If the dissolution process is exothermic the solid solubility should decrease. Solid solubility hardly gets affected by changes in pressure. This is due to the fact that solids and liquids are highly incompressible and practically do not get affected by changes in pressure.
Gases In Liquids Gas solubility in liquids deals with the concept of gas dissolving in a solvent. Let us first define solubility. For any substance, solubility is the maximum amount of solute that can be dissolved in a given solvent at a particular temperature. Now our concern is gas solubility in liquids. The gas solubility in liquids is greatly affected by temperature and pressure as well as the nature of the solute and the solvent.
Solubility — Gases in Liquids There are many gases that readily dissolve in water, while there are gases that do not dissolve in water under normal conditions.
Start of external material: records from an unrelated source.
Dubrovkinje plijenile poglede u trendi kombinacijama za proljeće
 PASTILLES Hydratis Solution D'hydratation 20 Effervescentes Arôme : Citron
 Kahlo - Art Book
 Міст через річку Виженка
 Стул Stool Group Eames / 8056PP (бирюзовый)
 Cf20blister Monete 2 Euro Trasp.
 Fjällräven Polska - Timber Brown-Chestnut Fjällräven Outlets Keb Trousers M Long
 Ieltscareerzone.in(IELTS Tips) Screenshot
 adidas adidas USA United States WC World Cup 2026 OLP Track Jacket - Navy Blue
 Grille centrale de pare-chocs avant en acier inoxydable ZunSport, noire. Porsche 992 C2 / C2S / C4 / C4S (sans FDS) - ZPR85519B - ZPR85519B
Oxygen is only sparingly soluble in water while HCl or ammonia readily dissolves in water.
Factors Affecting Solubility Effect of Pressure: It has been found that the gas solubility in liquids increases with increase in pressure.
Effects of Temperature and Pressure on Solubility
To have a better understanding of the effect of pressure on gas solubility let us consider a system of a gas solution in a solvent in a closed container in a state of dynamic equilibrium.
Now the solution is in equilibrium and hence the rate of gaseous molecules entering the solution is equal to the rate of gaseous molecules leaving the solution. Now suppose we increase the pressure of the system by compressing the gas molecules present in the solution.
As a result of an increase in pressure, the gases molecules will now be concentrated in a smaller volume. This will result in an increase in the number of gas molecules per unit volume available above the solution. Since the number of gas molecules presents above the solution has increased, the rate with which the gas molecules will be entering the solution will also increase. The end result is an increase in the number of gas molecules in the solution until a new equilibrium point is attained.
Thus the solubility of gases increases with an increase in the pressure of a gas above the solution. The solubility of a gas in a liquid is directly proportional to the partial pressure of the gas present above the surface of liquid or solution.